[Types-sig] PyDL RFC 0.02

Paul Prescod paul@prescod.net
Mon, 27 Dec 1999 12:16:54 -0500


PyDL is a pun. These files behave just like IDL in COM and CORBA. They
are a separate language, at least for now. 

Greg Stein wrote:
> 
> 
> The notion of two types of files just adds complexity. There is no reason
> that a generated file would be *any* different in form/syntax than a
> human's file. The human just gets to add funky comments, indentation, etc.

From PyDL RFC 0.03:

We have two different files so that hand-crafted PyDL files will not be
overwritten by generated ones. The syntax of the files is identical.

> In other words: design around a single file.

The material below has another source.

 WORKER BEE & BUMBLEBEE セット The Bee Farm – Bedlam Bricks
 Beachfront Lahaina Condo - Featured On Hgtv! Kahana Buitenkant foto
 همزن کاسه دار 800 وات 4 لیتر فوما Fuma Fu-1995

I did. The existence of two files affects the language semantics not one
whit but it makes the system much more safe and arguably much more
usable.

> Search *another* namespace? Eek! We're already seeing people avoiding the
> time with things like:
> 
>   def foo(len=len):
>     ...
> 
> Adding another namespace will just exacerbate the situation.

The whole point of static type checking is that the checks of the
namespaces should be done at *compile time*. It isn't like a name
reference from six levels of lexical nesting in a C++ file requires more
time to look up than a "local" reference. That's just a temporary Python
bug that we're trying to fix.

> Wasn't the notion of "const" (successfully) argued against inclusion?

Maybe. But I think that the situation changed when I moved from talking
about "lists", "tuples" and "dictionaries" to talking about "sequences",
"mappings" and "records" because we have no way of saying "read-only
record." Maybe that's a big deal for version 1. Maybe it isn't. I'm open
to opinions.

> I don't think this is going to work as you expect. The Python interpreter
> can't work with "Undefined" unless it is an object (otherwise, you're
> talking about a near-impossible revamp). Therefore, Undefined is an object
> and you're going to have some *real* serious issues trying to keep that
> out of some kind of assignment or other usage.
> 
> Pass it as a parameter? Shove it into a list or tuple? Check for Undefined
> on every name binding? What about indexed or slice assignment?

I think that there are finite number of such issues and you've listed
most of them. In each of these parts of the interpreter we need to add
two or three lines of C code. From a performance perspective, we will
just be doing a pointer comparison and branch which is tiny compared to
the rest of the interpreter overhead.